Gay German photographer Herbert List (1903-1975) was the son of a prosperous family that ran a coffee brokerage business. List received a classical education in literature at the University of Heidelberg but apprenticed at his family’s coffee company, which afforded him travel to Brazil, Guatemala and Costa Rica. He began taking photographs during these business trips, and his legacy became black and white homoerotic photographs of young men.
In his earliest photographs List shot portraits of friends and composed still lifes with a Rolleiflex camera, using male models, draped fabric, and masks – along with double-exposures. He had a fascination with Surrealism and Classicism. List explained that his photos were "composed visions where my arrangements try to capture the magical essence inhabiting and animating the world of appearances.”
In 1936 List left Germany to take up photography as a profession, finding work in Paris and London. He was hired by magazines to shoot fashion photography, but he soon returned to still life imagery, producing photographs in a style he called "fotografia metafisica", which pictured dream states and fantastic scenes, using mirrors and double-exposure techniques.
During the late 1930s he traveled in Greece, where he took photographs of ancient temples, ruins, sculptures, and landscapes that were published in books and magazines.

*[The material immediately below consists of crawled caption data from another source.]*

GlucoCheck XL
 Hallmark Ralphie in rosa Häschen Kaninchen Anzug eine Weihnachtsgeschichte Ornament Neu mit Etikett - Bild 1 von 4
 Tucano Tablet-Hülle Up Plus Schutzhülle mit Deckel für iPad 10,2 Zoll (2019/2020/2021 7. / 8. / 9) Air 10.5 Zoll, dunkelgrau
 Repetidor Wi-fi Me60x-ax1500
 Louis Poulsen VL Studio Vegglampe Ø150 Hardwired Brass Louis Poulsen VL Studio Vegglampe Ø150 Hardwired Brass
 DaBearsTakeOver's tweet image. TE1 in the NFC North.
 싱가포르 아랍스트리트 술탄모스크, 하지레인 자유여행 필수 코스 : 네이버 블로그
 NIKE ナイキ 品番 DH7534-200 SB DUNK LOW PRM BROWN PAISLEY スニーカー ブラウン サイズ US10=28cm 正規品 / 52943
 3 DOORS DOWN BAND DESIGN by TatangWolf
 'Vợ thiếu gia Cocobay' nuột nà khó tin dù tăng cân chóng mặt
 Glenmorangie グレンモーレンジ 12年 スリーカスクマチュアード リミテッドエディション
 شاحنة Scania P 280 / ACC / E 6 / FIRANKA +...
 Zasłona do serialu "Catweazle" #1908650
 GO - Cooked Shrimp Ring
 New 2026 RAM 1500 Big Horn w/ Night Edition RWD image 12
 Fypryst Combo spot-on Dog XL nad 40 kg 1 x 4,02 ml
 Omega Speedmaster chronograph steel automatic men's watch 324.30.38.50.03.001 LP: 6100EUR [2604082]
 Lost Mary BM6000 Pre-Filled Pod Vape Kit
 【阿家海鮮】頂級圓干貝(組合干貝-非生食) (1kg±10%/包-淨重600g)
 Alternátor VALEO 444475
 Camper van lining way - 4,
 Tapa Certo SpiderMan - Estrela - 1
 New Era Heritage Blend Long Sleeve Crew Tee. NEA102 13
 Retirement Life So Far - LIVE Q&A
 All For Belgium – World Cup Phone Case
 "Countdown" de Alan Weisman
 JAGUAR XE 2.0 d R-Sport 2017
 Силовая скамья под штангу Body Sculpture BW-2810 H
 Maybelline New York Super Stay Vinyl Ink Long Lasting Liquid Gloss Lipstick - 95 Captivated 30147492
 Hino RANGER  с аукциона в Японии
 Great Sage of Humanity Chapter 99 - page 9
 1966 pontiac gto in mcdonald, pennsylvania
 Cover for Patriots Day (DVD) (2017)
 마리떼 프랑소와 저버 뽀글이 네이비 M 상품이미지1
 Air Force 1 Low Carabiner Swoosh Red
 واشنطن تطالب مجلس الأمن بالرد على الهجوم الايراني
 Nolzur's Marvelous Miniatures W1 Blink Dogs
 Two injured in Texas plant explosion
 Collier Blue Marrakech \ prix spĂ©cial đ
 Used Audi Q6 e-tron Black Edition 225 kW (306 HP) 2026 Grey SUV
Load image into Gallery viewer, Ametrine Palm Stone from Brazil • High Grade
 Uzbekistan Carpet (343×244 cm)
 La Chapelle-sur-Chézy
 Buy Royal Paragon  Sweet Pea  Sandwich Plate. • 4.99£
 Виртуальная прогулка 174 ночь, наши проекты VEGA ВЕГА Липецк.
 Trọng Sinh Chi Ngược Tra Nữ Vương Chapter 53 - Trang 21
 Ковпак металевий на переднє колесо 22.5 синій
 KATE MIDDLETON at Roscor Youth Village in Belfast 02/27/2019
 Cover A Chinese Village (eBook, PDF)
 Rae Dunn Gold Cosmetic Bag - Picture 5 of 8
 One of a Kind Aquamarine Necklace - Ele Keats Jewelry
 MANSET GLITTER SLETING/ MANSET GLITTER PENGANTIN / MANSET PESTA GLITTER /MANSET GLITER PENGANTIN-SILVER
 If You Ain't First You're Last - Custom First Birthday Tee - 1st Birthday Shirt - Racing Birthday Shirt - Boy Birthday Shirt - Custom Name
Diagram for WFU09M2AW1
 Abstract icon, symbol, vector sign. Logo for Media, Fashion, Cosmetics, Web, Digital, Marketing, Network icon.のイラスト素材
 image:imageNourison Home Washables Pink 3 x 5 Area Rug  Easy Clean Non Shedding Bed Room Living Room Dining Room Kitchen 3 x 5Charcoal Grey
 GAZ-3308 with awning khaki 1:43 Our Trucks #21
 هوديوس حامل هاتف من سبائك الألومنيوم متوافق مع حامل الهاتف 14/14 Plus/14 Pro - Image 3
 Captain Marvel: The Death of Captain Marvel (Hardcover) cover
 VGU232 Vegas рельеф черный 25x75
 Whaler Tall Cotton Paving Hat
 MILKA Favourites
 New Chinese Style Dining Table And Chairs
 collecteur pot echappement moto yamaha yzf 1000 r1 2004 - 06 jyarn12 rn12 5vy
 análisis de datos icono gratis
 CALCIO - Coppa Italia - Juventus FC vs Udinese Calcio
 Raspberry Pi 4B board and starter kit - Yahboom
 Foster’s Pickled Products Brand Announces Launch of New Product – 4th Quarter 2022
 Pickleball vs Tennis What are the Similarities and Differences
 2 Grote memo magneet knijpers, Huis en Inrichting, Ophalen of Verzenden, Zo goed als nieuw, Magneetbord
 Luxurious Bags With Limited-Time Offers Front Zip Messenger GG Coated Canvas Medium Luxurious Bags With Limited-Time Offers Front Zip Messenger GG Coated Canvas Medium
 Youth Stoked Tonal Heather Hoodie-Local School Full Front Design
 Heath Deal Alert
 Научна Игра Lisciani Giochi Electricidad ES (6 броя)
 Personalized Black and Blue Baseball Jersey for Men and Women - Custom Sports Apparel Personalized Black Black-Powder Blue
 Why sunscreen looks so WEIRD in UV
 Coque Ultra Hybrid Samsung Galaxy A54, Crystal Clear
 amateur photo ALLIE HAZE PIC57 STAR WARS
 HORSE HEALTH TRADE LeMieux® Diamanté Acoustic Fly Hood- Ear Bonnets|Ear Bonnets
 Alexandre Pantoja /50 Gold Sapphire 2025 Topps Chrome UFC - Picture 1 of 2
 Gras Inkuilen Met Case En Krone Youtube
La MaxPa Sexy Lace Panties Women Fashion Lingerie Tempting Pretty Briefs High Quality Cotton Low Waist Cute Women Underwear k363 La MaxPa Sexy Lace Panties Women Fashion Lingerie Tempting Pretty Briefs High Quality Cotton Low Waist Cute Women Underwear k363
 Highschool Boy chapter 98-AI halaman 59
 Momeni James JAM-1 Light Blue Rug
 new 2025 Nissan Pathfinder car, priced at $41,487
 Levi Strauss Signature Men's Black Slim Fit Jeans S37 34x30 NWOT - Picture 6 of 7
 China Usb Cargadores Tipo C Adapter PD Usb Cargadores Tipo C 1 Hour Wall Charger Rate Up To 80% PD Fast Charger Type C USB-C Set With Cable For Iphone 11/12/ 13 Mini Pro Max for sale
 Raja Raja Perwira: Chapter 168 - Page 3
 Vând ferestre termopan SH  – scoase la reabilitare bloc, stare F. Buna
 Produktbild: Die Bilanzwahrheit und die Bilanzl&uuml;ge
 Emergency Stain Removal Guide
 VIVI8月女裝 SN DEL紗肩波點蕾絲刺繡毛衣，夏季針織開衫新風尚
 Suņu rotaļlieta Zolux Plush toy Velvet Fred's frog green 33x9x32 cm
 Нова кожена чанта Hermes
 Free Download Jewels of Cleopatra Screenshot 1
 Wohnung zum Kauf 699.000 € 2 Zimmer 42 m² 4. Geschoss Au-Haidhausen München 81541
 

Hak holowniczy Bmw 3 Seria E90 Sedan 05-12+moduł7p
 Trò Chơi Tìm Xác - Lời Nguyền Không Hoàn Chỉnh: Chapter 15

However, in 1941, during World War II, he was forced to return to Germany, but because one of his grandparents was Jewish, he was not allowed to publish or work professionally. In 1944 he was drafted into the German military, despite being homosexual and of partly Jewish ancestry. During the war he served in Norway as a map designer. A trip to Paris allowed him to take portraits of Picasso, Jean Cocteau, Christian Berard, Georges Braque, Jean Arp, Joan Miró and other international celebrities.
While working as art editor of Heute (Today) magazine he joined Magnum, a cooperative of photographers founded by Henri Cartier-Bresson, among others. For whatever reason, List contributed only sparingly from 1951 until the mid 1960s.
For the next decade he concentrated his work in Italy, where he began using a 35 mm film camera and telephoto lenses. In 1960 he shot portraits of Marino Marini, Paul Bowles, W. H. Auden and Marlene Dietrich (shown). Soon thereafter he gave up photography to concentrate on drawings, recently displayed at Berlin’s gay museum (Schwules Museum, Mehringdamm 61). Although List died in Munich in the spring of 1975, his style lives on in the work of Herb Ritts and Bruce Weber, particularly.
Trivia: In 1988, Stephen Spender published The Temple, a roman à clef of his pre-war years in Germany; the novel includes a character named Joachim, who is based on Herbert List.